**DATA EXCERPT**
Content starts

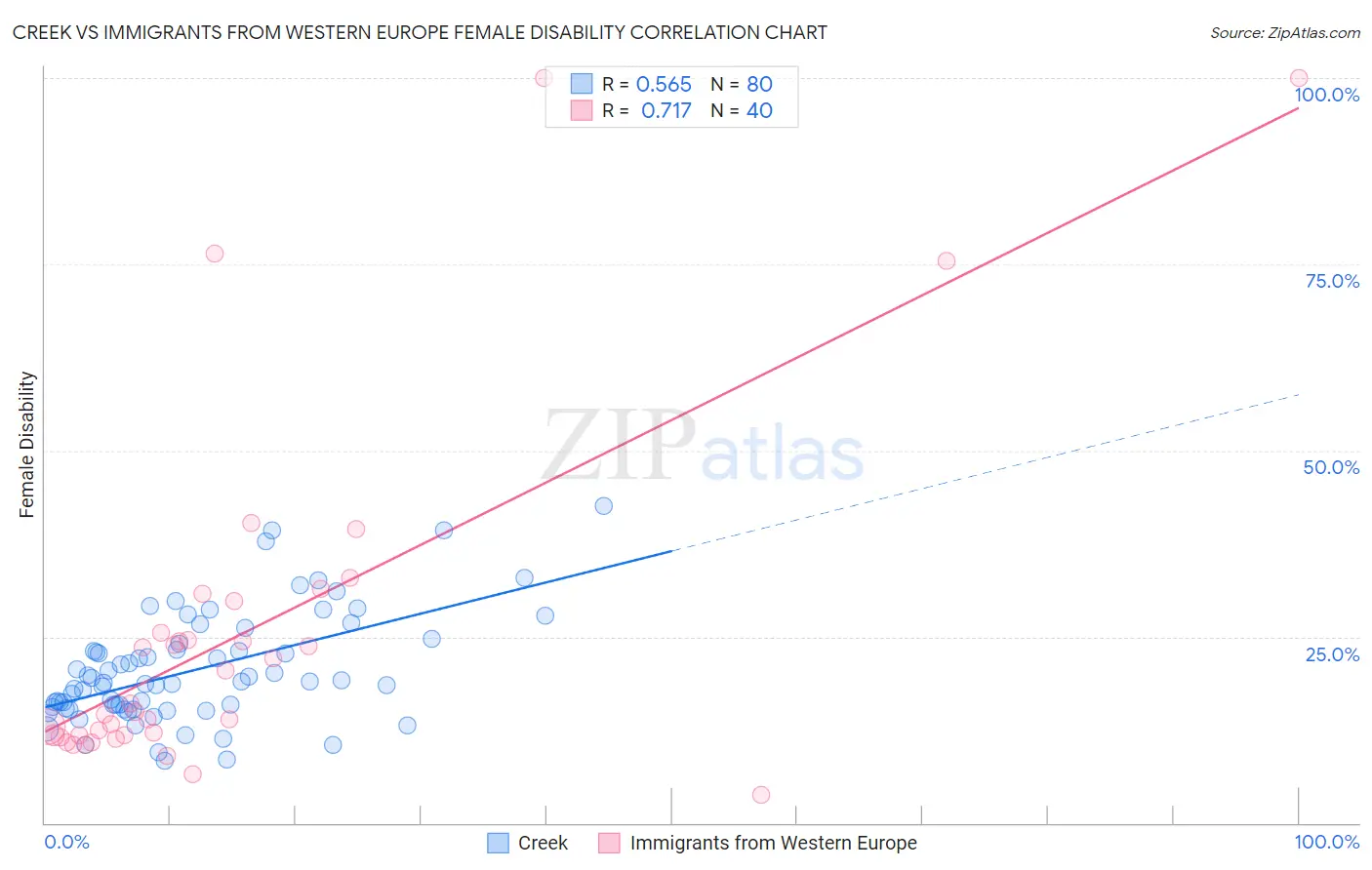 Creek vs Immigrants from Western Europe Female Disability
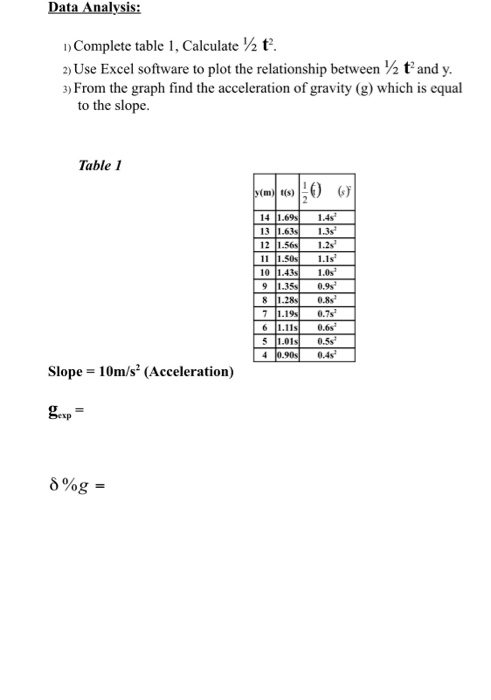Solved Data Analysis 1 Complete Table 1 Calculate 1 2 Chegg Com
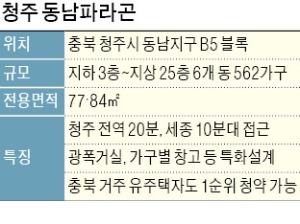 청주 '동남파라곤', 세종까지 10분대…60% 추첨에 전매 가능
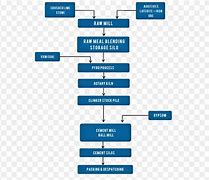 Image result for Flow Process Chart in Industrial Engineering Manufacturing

Content ends

Begin at the line with "청주 '동남파라곤', 세종까지 10분대…60% 추첨에 전매 가능" and end at the last line of the data above. Reproduce those lines exactly, but not the pictures.

**RESPONSE BELOW**
 청주 '동남파라곤', 세종까지 10분대…60% 추첨에 전매 가능
 Image result for Flow Process Chart in Industrial Engineering Manufacturing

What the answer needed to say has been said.